TASK DATA:
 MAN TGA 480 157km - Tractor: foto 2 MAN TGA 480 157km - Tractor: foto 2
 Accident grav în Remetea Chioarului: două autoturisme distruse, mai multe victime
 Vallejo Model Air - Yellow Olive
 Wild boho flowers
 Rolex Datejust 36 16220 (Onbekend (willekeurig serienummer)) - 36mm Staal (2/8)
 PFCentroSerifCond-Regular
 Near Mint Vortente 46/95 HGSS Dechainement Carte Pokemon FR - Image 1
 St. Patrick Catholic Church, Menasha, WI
...
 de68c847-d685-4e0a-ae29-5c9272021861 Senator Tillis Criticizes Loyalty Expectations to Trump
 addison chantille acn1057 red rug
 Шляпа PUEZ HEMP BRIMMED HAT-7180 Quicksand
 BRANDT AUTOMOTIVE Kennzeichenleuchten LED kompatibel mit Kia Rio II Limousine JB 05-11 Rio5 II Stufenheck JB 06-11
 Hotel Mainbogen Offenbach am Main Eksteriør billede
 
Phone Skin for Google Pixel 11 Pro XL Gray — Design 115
...
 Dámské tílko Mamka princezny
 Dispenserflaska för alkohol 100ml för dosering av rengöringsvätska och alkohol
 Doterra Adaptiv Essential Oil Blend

THE TASK: Copy word for word the stretch of entries above from the line that has "Шляпа PUEZ HEMP BRIMMED HAT-7180 Quicksand" through the line that has "Phone Skin for", both ends included, and nothing outside it.

ANSWER TO THIS TASK:
 Шляпа PUEZ HEMP BRIMMED HAT-7180 Quicksand
 BRANDT AUTOMOTIVE Kennzeichenleuchten LED kompatibel mit Kia Rio II Limousine JB 05-11 Rio5 II Stufenheck JB 06-11
 Hotel Mainbogen Offenbach am Main Eksteriør billede
 
Phone Skin for Google Pixel 11 Pro XL Gray — Design 115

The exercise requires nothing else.